* [WHAT NEEDS TO BE DONE]
Your answer must be an exact transcription of every record below, with the pictures omitted.

START RECORDS FOR THE TASK

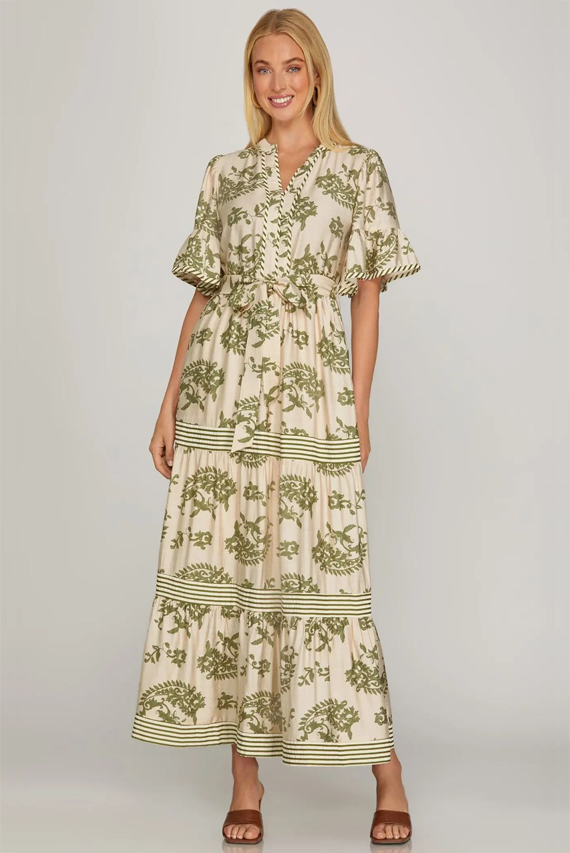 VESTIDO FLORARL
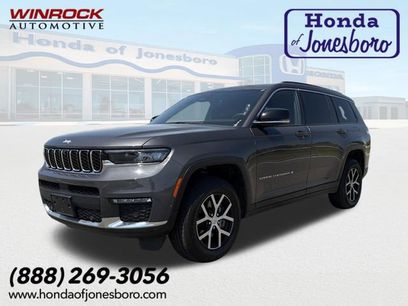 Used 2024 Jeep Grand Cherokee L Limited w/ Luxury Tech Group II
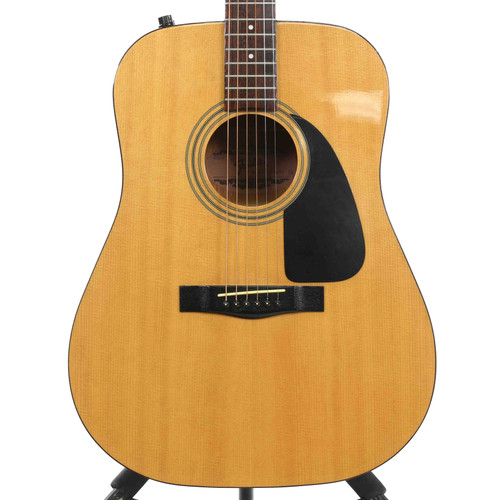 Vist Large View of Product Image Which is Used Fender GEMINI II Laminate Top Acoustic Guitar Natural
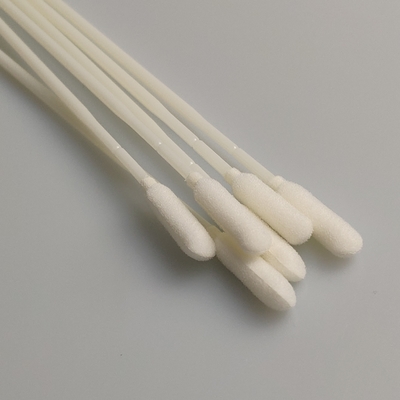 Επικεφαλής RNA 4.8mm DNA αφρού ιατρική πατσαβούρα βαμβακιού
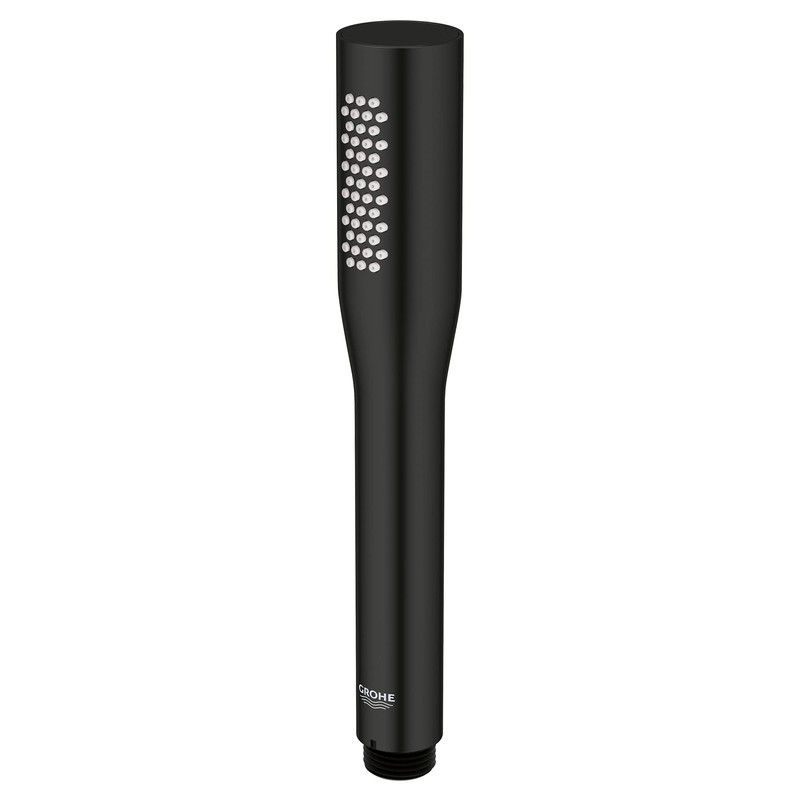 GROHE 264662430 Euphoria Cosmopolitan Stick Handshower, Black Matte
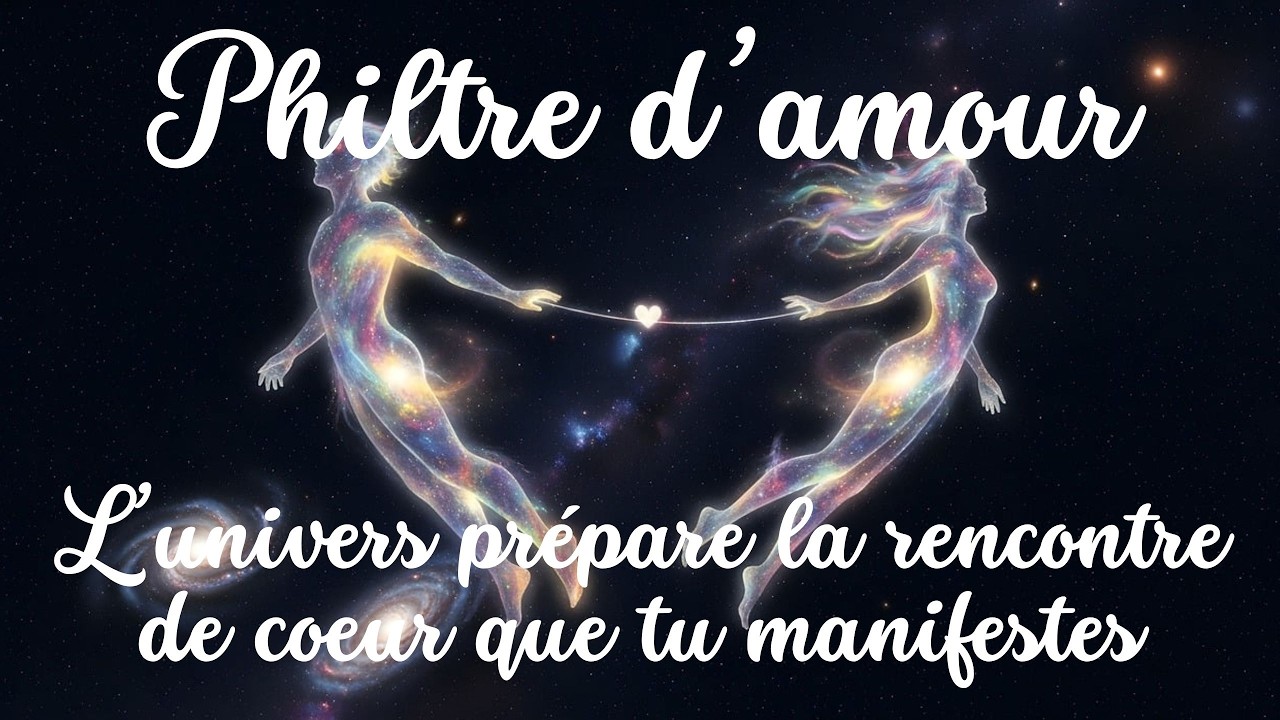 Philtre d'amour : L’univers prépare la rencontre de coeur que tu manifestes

END RECORDS FOR THE TASK

* [REPLY TO THE TASK]
 VESTIDO FLORARL
 Used 2024 Jeep Grand Cherokee L Limited w/ Luxury Tech Group II
 Vist Large View of Product Image Which is Used Fender GEMINI II Laminate Top Acoustic Guitar Natural
 Επικεφαλής RNA 4.8mm DNA αφρού ιατρική πατσαβούρα βαμβακιού
 GROHE 264662430 Euphoria Cosmopolitan Stick Handshower, Black Matte
 Philtre d'amour : L’univers prépare la rencontre de coeur que tu manifestes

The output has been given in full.